Saturday, March 9, 2013

Bowie Revisited: Earthling

David Bowie toured his 'Outside' album with co-headliner Nine Inch Nails throughout 1995.  He must have liked what he heard from his band, for immediately following the tour, Reeves Gabrels (guitar), Gail Ann Dorsey (bass), Zach Alford (drums), and Mike Garson (piano) were pulled into the studio to harness the road energy into the recording of an album.  The work produced during these sessions formed the tightest group of songs on any Bowie collection in the previous 20 years.  Yes, there is some experimentation with the club sounds of the time - but this is not the 'jungle' album that its reputation would lead you to believe - this is first and foremost a rock album, and rock it does!  Hard!

Opener 'Little Wonder' is a revelation - almost non-sensical lyrics, in the 'cut-up' style (purportedly written about the 7 Dwarves, with a couple of new ones - Stinky, etc. - thrown in for good measure) lend a playfulness not heard since, what?, 'Kooks?'  And this over a pounding Garson piano driving the listener toward the drum & bass explosion in the middle of the song (perhaps the most exhilarating 75 seconds of any Bowie recording).  'Looking For Satellites' with its whirling carnival back beat and Lennon sound-alike vocals contains one of the greatest guitar solos in DB's catalog.  'Battle For Britain (The Letter)', with its warring elements: classic piano solo, stuttering, machine gun fire effect, soft whirring drill noise, adding up to a fantastic whole.

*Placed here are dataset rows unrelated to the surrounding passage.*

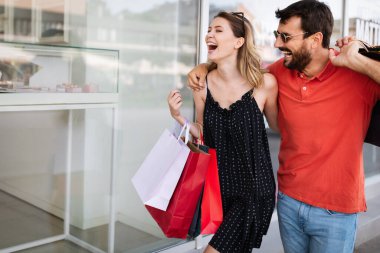 Şehirde alışveriş torbalarıyla mutlu bir çift, birlikte eğleniyorlar..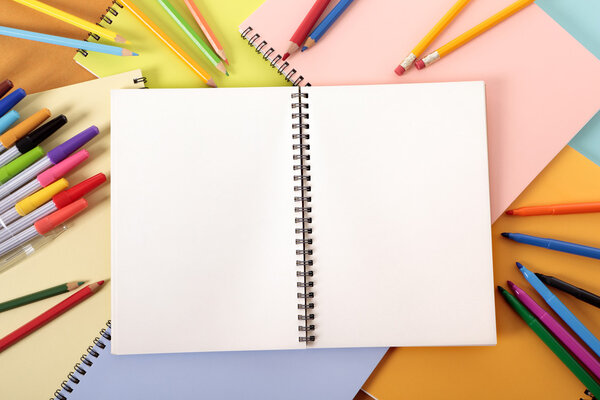 Student's desk with blank notebook
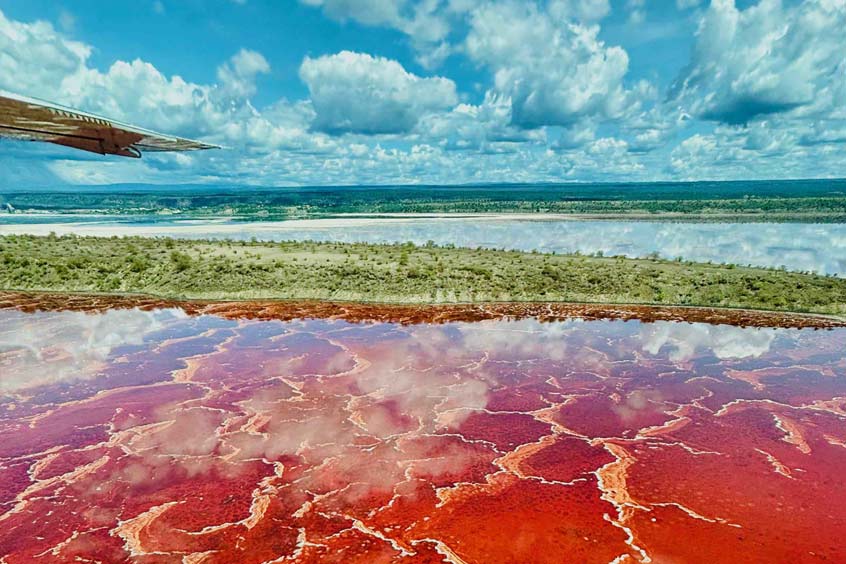Scenic Air flies over Lake Magadi, a shallow, alkaline lake located in the Great Rift Valley of Kenya.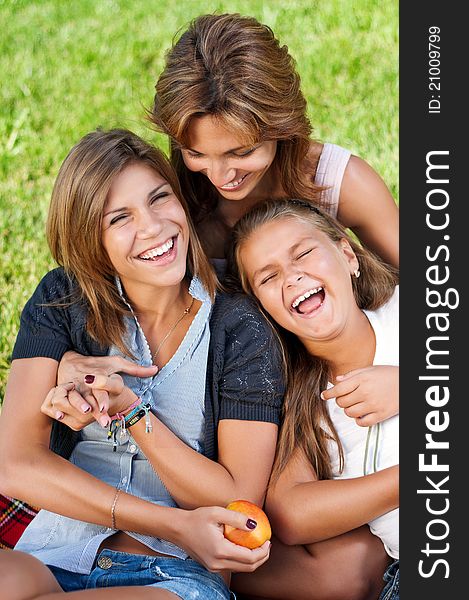 Happy mother with her daughters in park outdoors. Happy mother with her daughters in park outdoors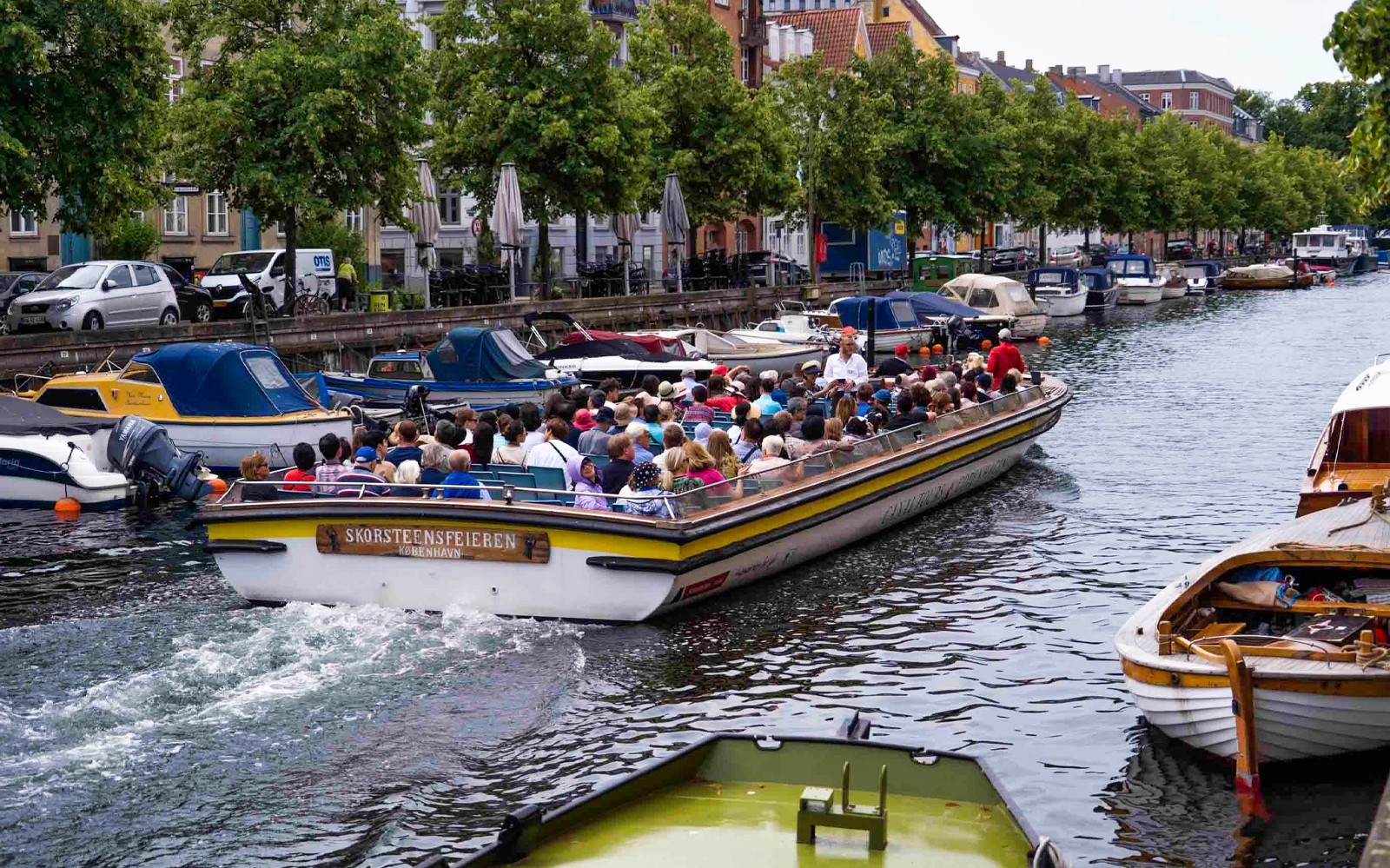 Hajókirándulás a koppenhágai csatornán turistákkal, színes épületek és kikötött hajók mellett elhaladva.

The album is kept to a trim 9 songs - a wise choice as each is at least very good, making for a fairly consistent listening experience. It's difficult to pick out key tracks, as they're all so good from the hushed pulse, honking, sleazy sax & hard rock workout of 'Seven Years in Tibet,' to the fun, yet strangely aggressive swipe at his adopted land in 'I'm Afraid of Americans.'  The only negative is choice of closer: 'Law (Earthlings on Fire),' with its rapid fire chant, is the weakest track on the album, but barely so and is still better than many a track on recent efforts.
 
The trajectory of experimentation with rock mixed with contemporary club trends, begun with 1993's 'Black Tie White Noise' finds fruition with 'Earthling.' It is a very satisfying collection, and in a way closes the book on one phase of Bowie's career.  On his next project, he would move away from albums like 'Outside' and 'Earthling' at a complete right angle, both stylistically, and in terms of songwriting.  True to form, however, the unexpected is to be expected from an artist like David Bowie, right?

Friday, March 8, 2013

Bowie Revisited: Outside

And then there's Outside.  Unlike Bowie's previous 2 albums, there was some anticipation before Outside's release among more than just the die hard fans.  Sometime in 1994, an announcement was made that Bowie would be reuniting with Brian Eno for a new album - the two had last worked together on Bowie's 1979 recording, 'Lodger.'  Bowie's return to solo recording with 1993's 'Black Tie White Noise', showed a renewed commitment to making interesting music, the same year's 'The Buddha of Suburbia' upped the ante a bit, as it was DB's most personally experimental work in more than a decade.  Working with Eno meant that Bowie was ready to make some downright dangerous music.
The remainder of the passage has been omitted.